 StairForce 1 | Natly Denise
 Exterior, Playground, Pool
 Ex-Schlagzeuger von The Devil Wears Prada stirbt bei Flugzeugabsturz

EXERCISE AIM:
Output all of the material exactly as written.

TASK RESULT:
 StairForce 1 | Natly Denise
 Exterior, Playground, Pool
 Ex-Schlagzeuger von The Devil Wears Prada stirbt bei Flugzeugabsturz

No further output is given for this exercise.